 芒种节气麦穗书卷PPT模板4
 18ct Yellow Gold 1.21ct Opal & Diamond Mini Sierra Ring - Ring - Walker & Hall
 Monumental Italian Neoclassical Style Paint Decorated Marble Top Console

•••••

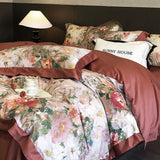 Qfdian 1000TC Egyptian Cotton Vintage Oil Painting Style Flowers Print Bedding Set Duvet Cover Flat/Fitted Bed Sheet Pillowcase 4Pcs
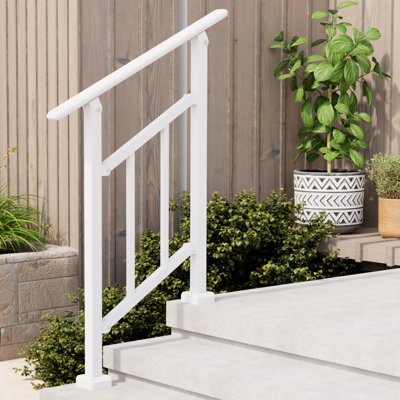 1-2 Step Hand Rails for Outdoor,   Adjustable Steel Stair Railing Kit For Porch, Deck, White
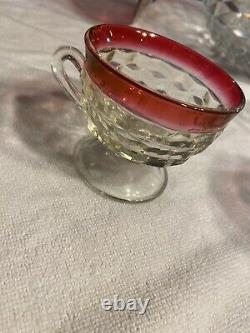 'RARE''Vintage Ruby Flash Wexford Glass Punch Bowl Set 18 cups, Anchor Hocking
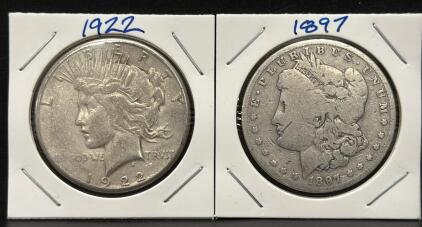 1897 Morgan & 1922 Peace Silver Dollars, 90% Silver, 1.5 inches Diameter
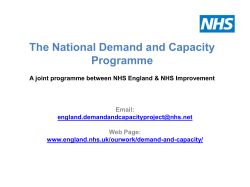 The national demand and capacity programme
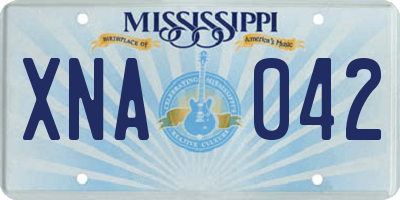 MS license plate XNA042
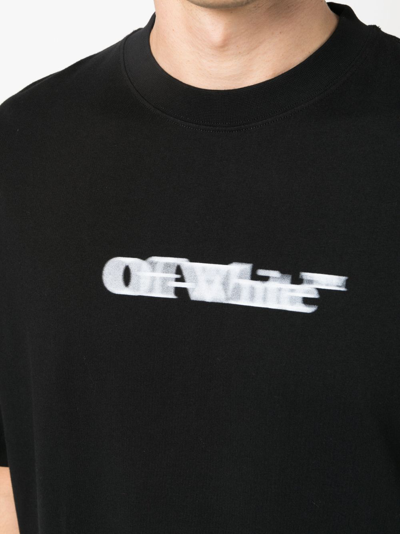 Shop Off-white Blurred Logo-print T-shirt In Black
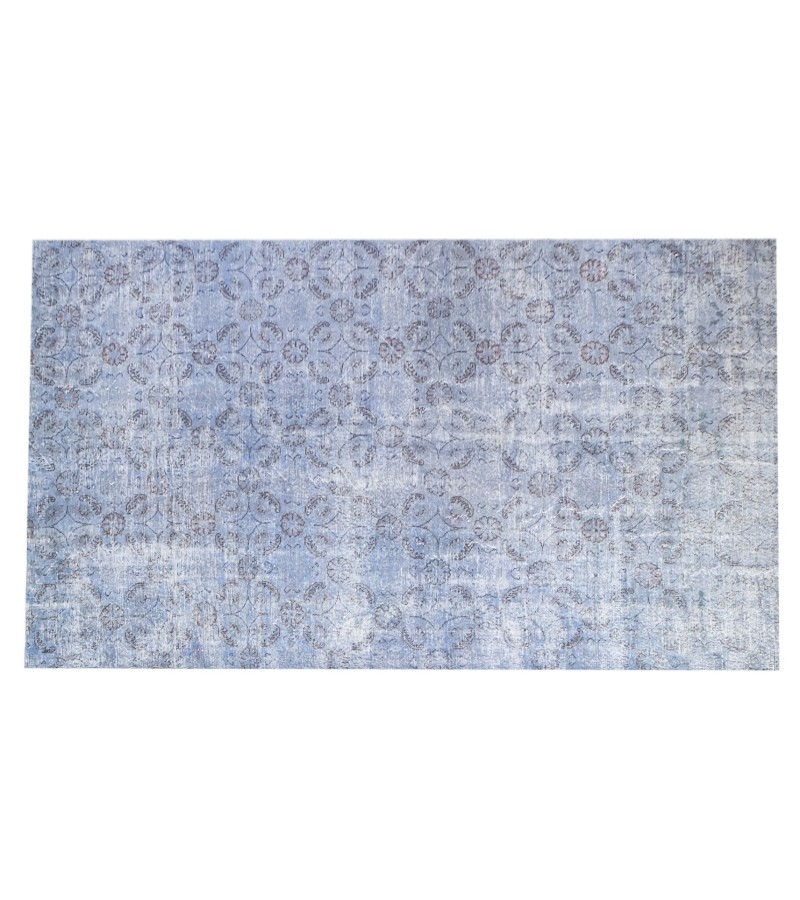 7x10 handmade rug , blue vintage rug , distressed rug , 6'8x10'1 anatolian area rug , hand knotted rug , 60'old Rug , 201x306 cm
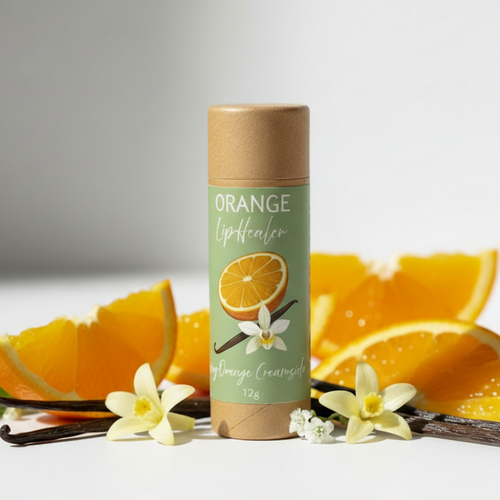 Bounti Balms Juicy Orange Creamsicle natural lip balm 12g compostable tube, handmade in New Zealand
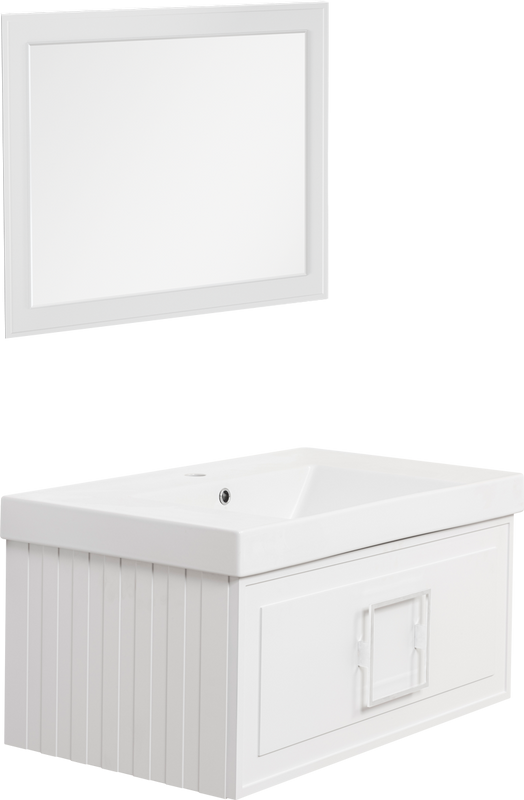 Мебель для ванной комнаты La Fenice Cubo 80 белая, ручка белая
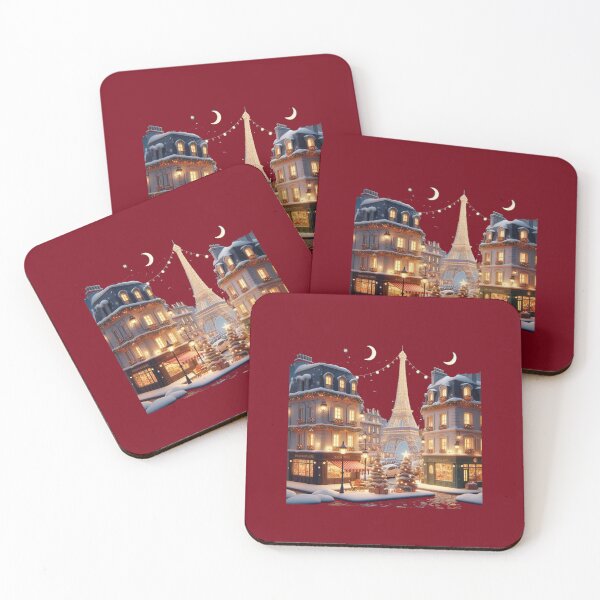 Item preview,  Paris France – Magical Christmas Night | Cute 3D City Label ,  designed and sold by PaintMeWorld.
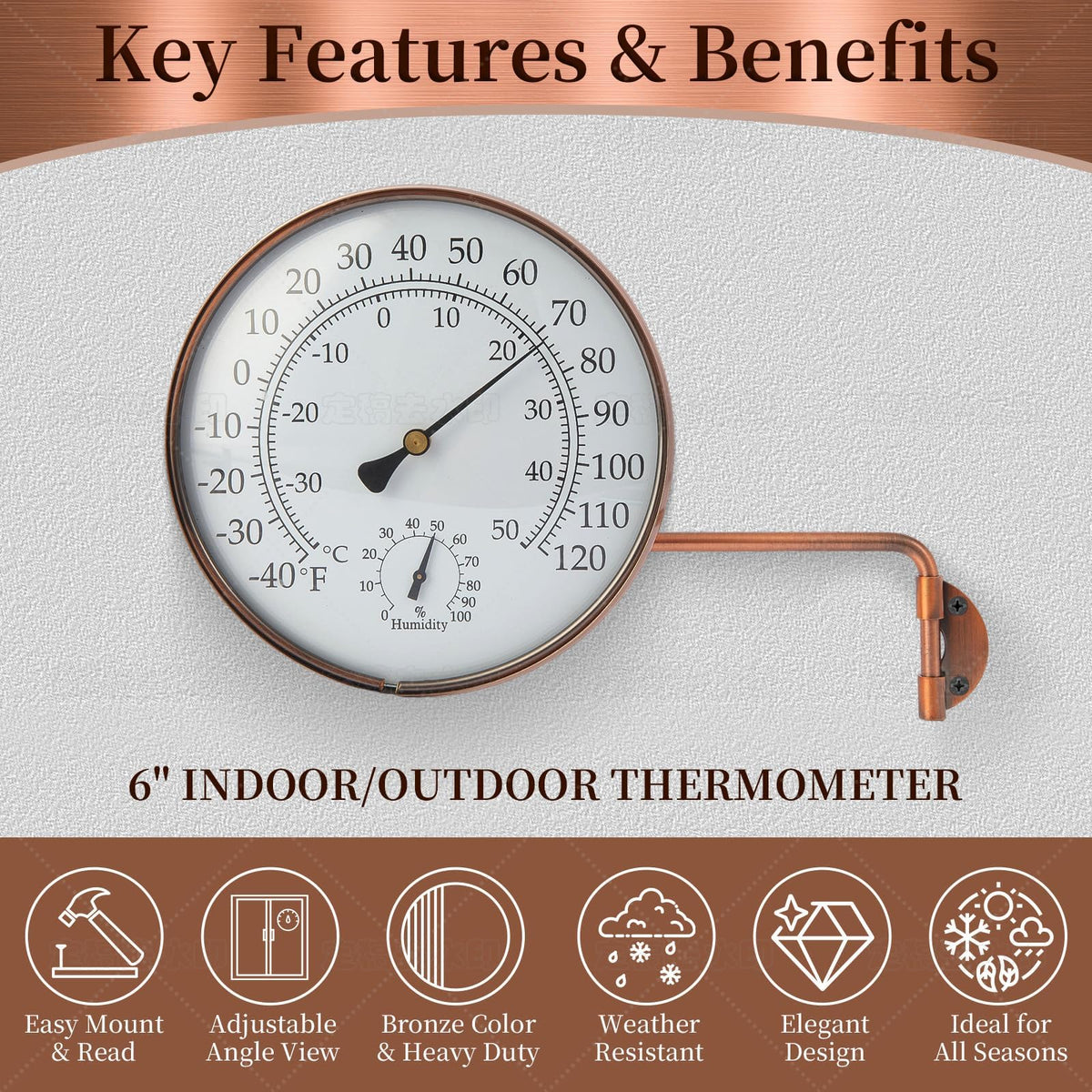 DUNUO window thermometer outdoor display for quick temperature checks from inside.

•••••

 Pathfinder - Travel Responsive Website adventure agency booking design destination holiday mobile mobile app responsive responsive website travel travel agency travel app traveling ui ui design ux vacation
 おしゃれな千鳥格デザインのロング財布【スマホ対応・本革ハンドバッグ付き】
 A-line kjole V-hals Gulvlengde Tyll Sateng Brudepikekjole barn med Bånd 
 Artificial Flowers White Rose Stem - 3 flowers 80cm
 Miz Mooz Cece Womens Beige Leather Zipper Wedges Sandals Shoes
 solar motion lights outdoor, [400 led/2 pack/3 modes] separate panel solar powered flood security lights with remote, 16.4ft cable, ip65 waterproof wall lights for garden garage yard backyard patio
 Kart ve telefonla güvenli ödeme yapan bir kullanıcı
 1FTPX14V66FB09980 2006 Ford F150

•••••

Only one stretch of the listing is wanted: the lines starting at the one with "MS license plate XNA042" and ending at the one with "DUNUO window thermometer", copied exactly and free of pictures.

 MS license plate XNA042
 Shop Off-white Blurred Logo-print T-shirt In Black
 7x10 handmade rug , blue vintage rug , distressed rug , 6'8x10'1 anatolian area rug , hand knotted rug , 60'old Rug , 201x306 cm
 Bounti Balms Juicy Orange Creamsicle natural lip balm 12g compostable tube, handmade in New Zealand
 Мебель для ванной комнаты La Fenice Cubo 80 белая, ручка белая
 Item preview,  Paris France – Magical Christmas Night | Cute 3D City Label ,  designed and sold by PaintMeWorld.
 DUNUO window thermometer outdoor display for quick temperature checks from inside.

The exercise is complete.